At a Thursday, June 8, meeting, the city's rental-housing committee began the first of several planned discussions for establishing a new system for adjudicating disputes on rent increases. This is of key importance for both landlords and tenants, since it would be one of the only ways to raise apartment rents at a higher rate than the city's new rent-control ordinance sets as the standard, which is based on increases in the local Consumer Price Index (CPI).
Every landlord and property manager speaking at the June 8 meeting stressed that simply tying rent-controlled apartments to the CPI would be insufficient for their various expenses. For next year, that allowable rent increase has been capped at 3.4 percent.
There was a feeling of deja vu as many of the same concerns and arguments spanning years of the debate over rent control were trotted out. A large showing of tenants and other rent-control advocates reminded the committee that the new law is the result of a brutal seven-year period when average rents throughout Mountain View nearly doubled. Landlords and property managers warned that the new restrictions would fall hardest on landlords who had previously tried to keep their units affordable. Meanwhile, many in attendance wanted better data to distinguish who is acting in good faith.
Many of these concerns are supposed to eventually funnel into a new process involving city hearing officers who will review cases that aren't directly addressed in the language of the Community Stabilization and Fair Rent Act (CSFRA). Both landlords and committee members hinted this program could see a flood of petitions, especially from property owners seeking to notch up rent on their units higher than 3.4 percent.
Joe Maydek, an apartment manager, said he expected to petition for 11 of his 14 units to receive a higher increase. He pointed out that he needed to recover revenues after a citywide roll-back on apartment rates to October 2015 levels had reduced his tenants' rents by about $500 each. Many other landlords are likely to do the same, he warned.

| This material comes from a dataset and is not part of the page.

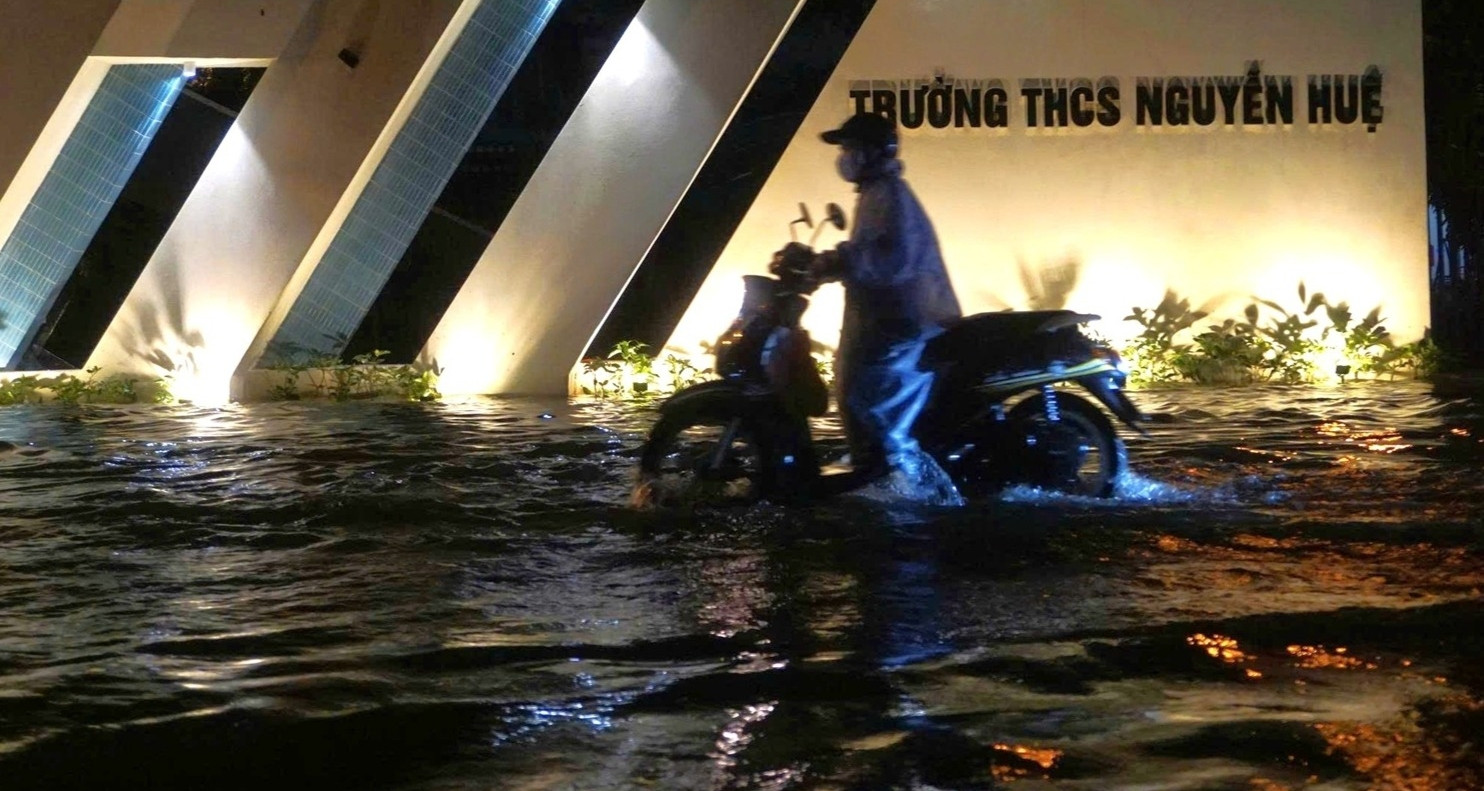 You are currently viewing Bão số 1 gây mưa lớn, nhiều tuyến phố ở Đà Nẵng ngập nặng như mùa lũ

"I'm pointing this out to you so you have some numbers to anticipate what's going to happen," he said. "Even if the petition fees are passed to the (property owners), I think they would see the value in doing it."
Landlords, tenants or any authorized advocate can make a case for why rents need to change by filing out a petition form, which eventually should be available on the city's website. As part of filing this paperwork, a petitioner can also provide documentation, witnesses or expert testimony to support the case. Of all the groups, landlords seeking to raise their apartment rents seem to have the highest burden of proof. They would need to provide the city with 16 pieces of information, including years of income and expense statements for each apartment building.
“We're not reinventing the wheel; we're trying to streamline this and use the best practices from other jurisdictions,” explained City Attorney Jannie Quinn.
To review and rule on these petitions, Mountain View staff suggested that the city hire trained attorneys, preferably with experience working as judges or arbitrators. But that level of experience won't come cheaply -- each hearing officer will cost from $600 to $1,250 per case, depending on the size and complexity.
It remains unclear how this money will be collected. City staff say it could be paid directly by whoever files a petition, or it could be taken from the general fee that will be levied on all affected apartments in the city. That fee has not been established yet.
City staff indicated that many cases probably won't rise to a full hearing. A previous city program of mediation resolved about 87 percent of conflicts between landlords and tenants, according to city housing staff. When you get people sitting around the table, the success rate for reaching a compromise is high, said Emily Hislop, a case manager with Project Sentinel, which provides the city's mediation services.
"In our experience with mediation, when you get people facing each other, then landlords get a chance to show all their expenses for water, garbage, everything," she said. "That way, tenants who might feel like their landlords are taking every opportunity to raise rents, then they can see where they're coming from."
For that reason, Hislop and others in the field suggested that many disputes could be settled early on without the need for a formal meeting with a paid hearing officer.
The Rental Housing Committee reviewed only an early draft of the planned petition process, which will revised and brought back for the next committee meeting on June 19. At the meeting, the committee will also discuss establishing standards for a "fair rate of return" for landlords, which would guide how hearing officers review petition cases.
City housing officials say the petition process, hearing officers and fair rate of return guidelines will likely be bundled together for final approvals at the July 10 meeting.
In a related discussion, the committee decided not to take action on a proposed citywide 0.6 percent rent increase to cover the period between October 2015 and February 2016. City staff originally proposed this increase because they say this time period was not reflected in CSFRA language. However, tenant advocates warned this rent increase would be illegal.
On Thursday, city staff signaled a change of heart, and they urged the committee to hold off on any decision for now. City Attorney Quinn suggested that the committee first establish its processes and return to the issue at a later date.
In a 4-1 vote, with Chairwoman Vanessa Honey opposed, the committee agreed to table the discussion.